住まいを舞台として家庭生活を総合的に考える
                     西村 一朗(平安女学院大学・教授、
                      NPO法人地域支援研究フォーラムなら)

はじめに―問題意識―
 家庭科の教科書(例えば高校)を一例としてみてみると、家庭生活―衣食住、家族生活等―を扱ったところでは、家族生活は別扱いで、衣食住に関しては、「食」「衣」「住」の順になっており、かつそれぞれのページ数が、実習のありなしもあるが、やはりこの順である。これだと、日本史で明治以降の近代、現代まで到達しない場合がしばしばなのと同じく住に到達しないうちに家庭科が終わってしまうのでは、と心配になる。
 そこで、住まいを舞台と考え、その上で「衣食住、家族生活」のドラマが展開していると捉える方法がないのかな、と考えてみた。

住まい舞台と食生活
 食の流れを考えると、農山漁村で食材が採れ、それらが流通経路を経て住まいに至る。(食物のことを考える場合、何処でそれらが採れるか―自然農業や有機農業をどう考えるか・・・―、どう身近に到達するか考えさせるのも大事)それらの食材は、住まいでは先ず「貯蔵」される。冷蔵庫・冷凍庫といった貯蔵設備が一般化しているが、「食品庫」、食品置き場という空間も必要と考えられる。例えば、地産地消で、泥付き大根などは何処に置いたらよいか。一度に買いだめるジャガイモや玉葱等は何処におくのか。土間空間が、段々少なくなっている住まいを考え直すいいチャンスではないか。
 次に冷蔵庫や冷凍庫であるが、「貯めて捨てる」のではなく、無駄なく食材を使い切る工夫も必要なのではないか。食材を調理する台所であるが、一人で効率よく台所作業が出来る、といった人間工学的取り組みも大事だが、今後は、親子が肩を並べたり、夫婦が肩を並べたり、友人同士が肩を並べて調理できる台所が必要なのではないか。
 配膳し、食べる場面だが、最近「早寝、早起き、朝ごはん」などと言って朝ごはんを食べようという運動もあるようだが、少なくとも日に一回位は、家族そろって食べる機会を設けるべきだろう。これは、食生活の問題であるとともに家族関係の問題でもある。
 そして、後片付けであるが、これは家族全員で取り組む問題ではないか。これは、家庭生活でも行為の切れ目はきちんとすることでもある。残った食物は、どうするのか、単に捨てるのか、「コンポスト」などに回して有機肥料とするのか、何処でそれをするのか、舞台装置を考えねばなるまい。
(どういう食品を食べたらよいか、栄養学的問題や、どう美味しく調理したらよいか、調理学的問題は、食固有の問題として教育すべきは論をまたない。)


住まい舞台と衣生活
 衣の住まい舞台での流れを考えると、何処に納めてあり、何処で着て、何処で脱いで、洗濯はどうするか。それらの洗濯前後の流れはどうか、などの問題があるだろう。下着を例に、拙宅での考え方を一例として述べてみる。
・二階に脱衣室=洗濯室・下着収納室、干し場・・・二階のベランダ中心、整理・・・二階の和室、収納・・・脱衣室、納戸(箪笥)
(繊維の質や、洗濯・洗浄のメカニズムは固有の問題であろう)


住まい舞台と家族生活
・子供部屋の問題・・・時期、設置の仕方(ドア・・・)、管理の仕方、
・子供の引きこもりの問題・・・家族での共同行動(家事手伝い)、居間・食堂への「匂い付け」


住まい舞台と福祉・高齢者生活
 住まい舞台での高齢者問題というと、「バリア・フリー化」の問題と思われがちであるが、高齢者が増え、住まいでの生活期間、時間も長くなってくると、住まいは、高齢者の福祉空間、療養空間としても捉える必要が出てきている。

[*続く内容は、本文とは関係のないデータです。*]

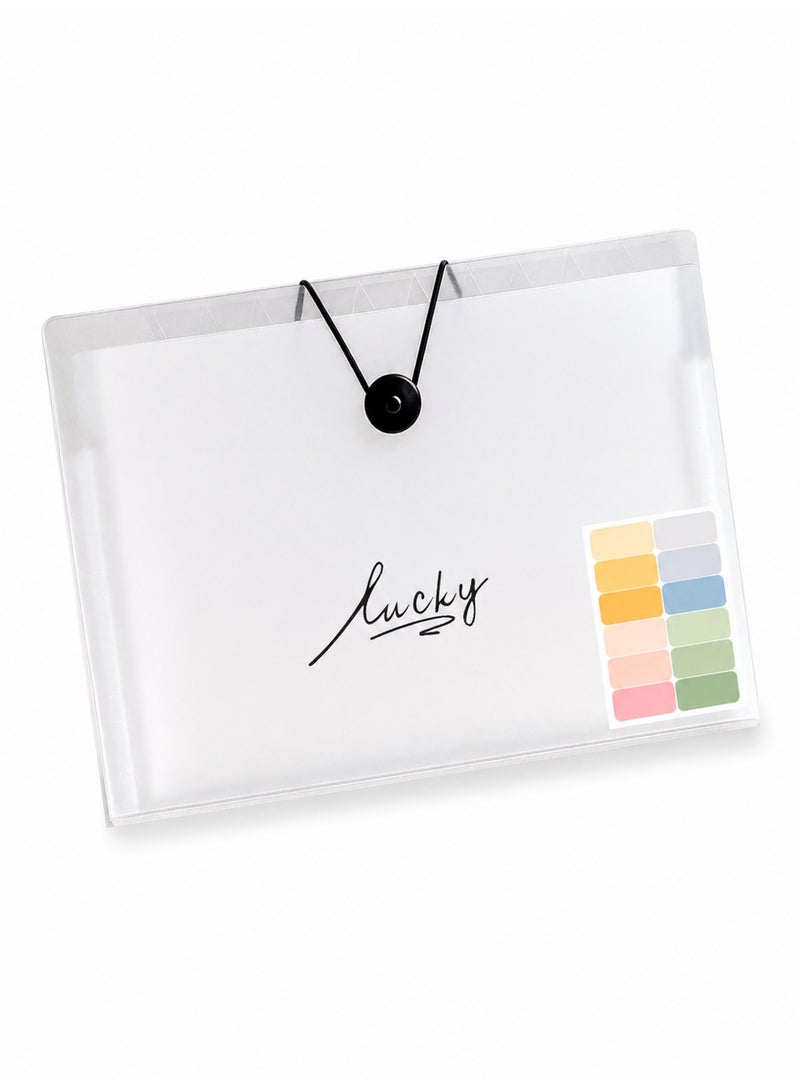 A4 Expanding File Folder 12 Pocket Accordion File Organizer Transparent Document Holder for Students Office and Home - Image 1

・隠居ではなく「顕居」を、外との「つながり」の重要性・・・○自ら外出しやすいように、外との交流がしやすいように・・・、○医療関係者、福祉関係者がアプローチしやすいように、他の家族員の普通の生活ディスターブしないように・・・。


終わりに
 もう少しきめ細かく議論して、冊子(本)にまとめて発信するため、研究会を組織していこう。



研究会は、正式には12月以降立ち上がることになった。一石を投じた甲斐があった。